# Subwoofer Gain - DO IT NOW!



## tanktronic (Jul 7, 2006)

Friends,

I know this topic has been addressed before, and there's a thread on LS1GTO.com that has a fine how-to with pictures, but you absoutely MUST adjust your subwoofer gain if you haven't already. 

Judging by the "What I don't like about my GTO" posts today, I think there's a lot of people who drove the car off the lot, popped in their favorite disc, and were - well - underwhelmed. It doesn't sound terrible, at least it's not distorted or boomy, but it just doesn't feel strong at all. Certainly not what you would expect from a $33,000 sports car. 

I can tell you that increasing the subwoofer gain on the amplifier [factory default is halfway] makes a noticeable difference in sound quality. The bass has much more presence, everything sounds more balanced at a higher volume, and the separation between frequencies is clearer. You still won't have a monster system, but it will sound a lot more satisfying. 

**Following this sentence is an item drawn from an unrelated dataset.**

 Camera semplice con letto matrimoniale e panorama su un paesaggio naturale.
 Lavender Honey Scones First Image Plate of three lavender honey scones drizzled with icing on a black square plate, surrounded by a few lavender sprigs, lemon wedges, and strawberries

I will post pictures soon, but the basics are :

1) Take all the crap out of your trunk
2) Take off the spare tire cover
3) Notice that we have a pretty bad-ass looking spare wheel
4) Put your head in the trunk, almost touching your nose to the gas tank. Turn your head left, and you should be looking directly at two plastic plugs, in a line perpindicular from the trunk floor. These are "Christmas Tree" plastic fasteners.
5) You only need to remove these two plugs [takes a surprising amount of force, FYI] to pull back the carpet/insulation that covers the left side of your trunk space.
6) You'll notice, with the carpet gone, four screw heads in the exposed metal. These are the four screws that hold the amp in place.
7) You'll also notice that you can reach between where the amp is mounted and the sheet metal with your hand, you just gotta snake your arm back there.
8) Of course, they mounted the gain knob towards the front of the car. Once you feel the amp, slide your hand around to the front side of it, and you'll feel a knob about the size of a dime.
9) The knob is set in the middle [top] position. Turn it towards the outside of the car to increase the gain. 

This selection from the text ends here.